- [Assignment]
A full, word-for-word copy of the listing below is needed; leave the images out of it.

= Beginning of Section =

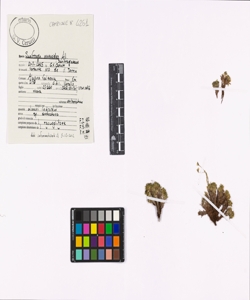 Saxifraga muscoides All.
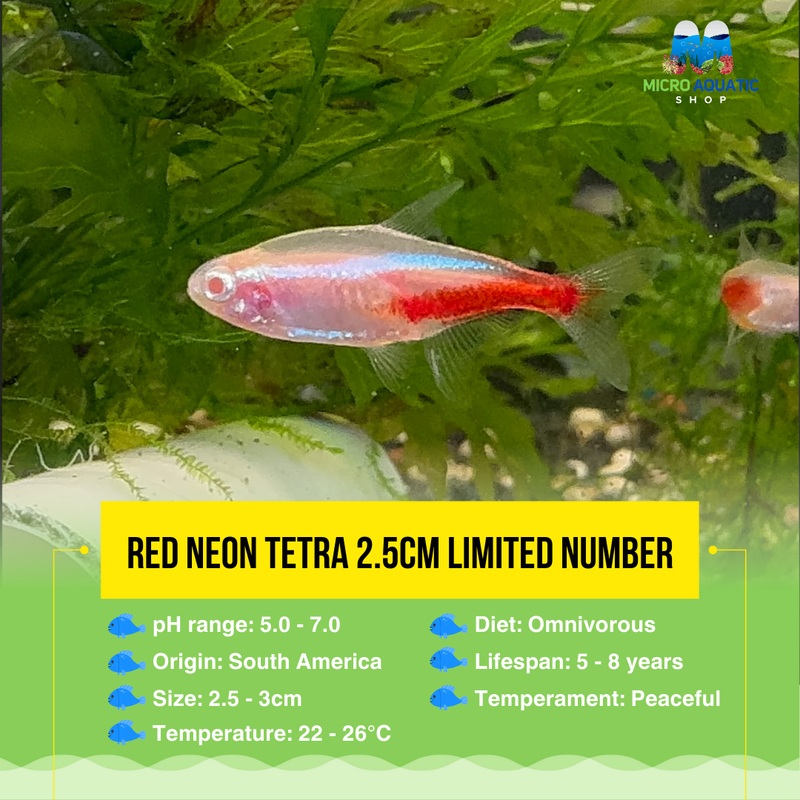 Tetra – Red Eyes Neon 2.5cm 1 tetra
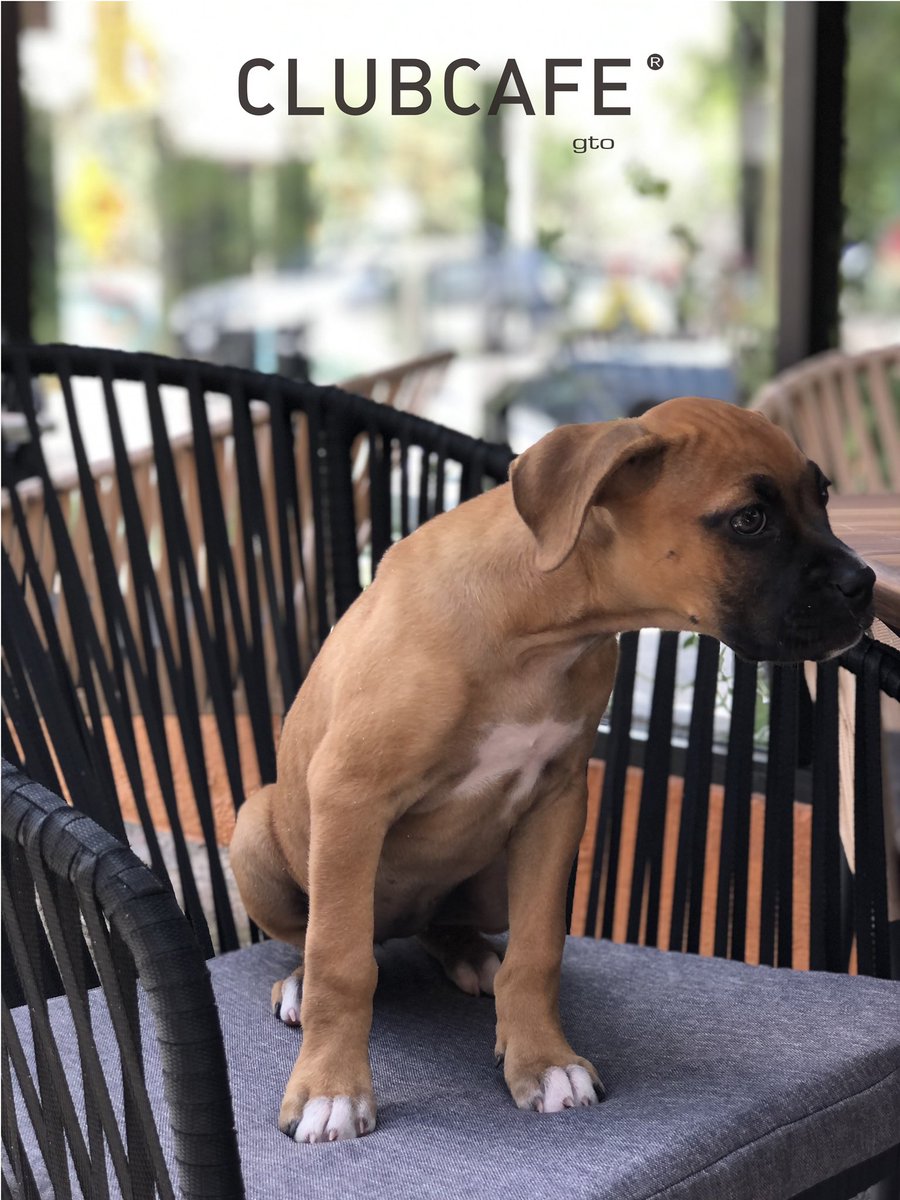 ClubCafeGto's tweet photo. Deslicen ➡️ para ver a Frida preguntando la diferencia entre el club sándwich tradicional y el de la casa. 

Amamos los clientes de 4 🐾 

#ClubCafe #gto #petfriendly #guanajuato_mx #frida #boxer https://t.co/tfCo5dPxgH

= End of Section =

- [Response area]
 Saxifraga muscoides All.
 Tetra – Red Eyes Neon 2.5cm 1 tetra
 ClubCafeGto's tweet photo. Deslicen ➡️ para ver a Frida preguntando la diferencia entre el club sándwich tradicional y el de la casa. 

Amamos los clientes de 4 🐾 

#ClubCafe #gto #petfriendly #guanajuato_mx #frida #boxer https://t.co/tfCo5dPxgH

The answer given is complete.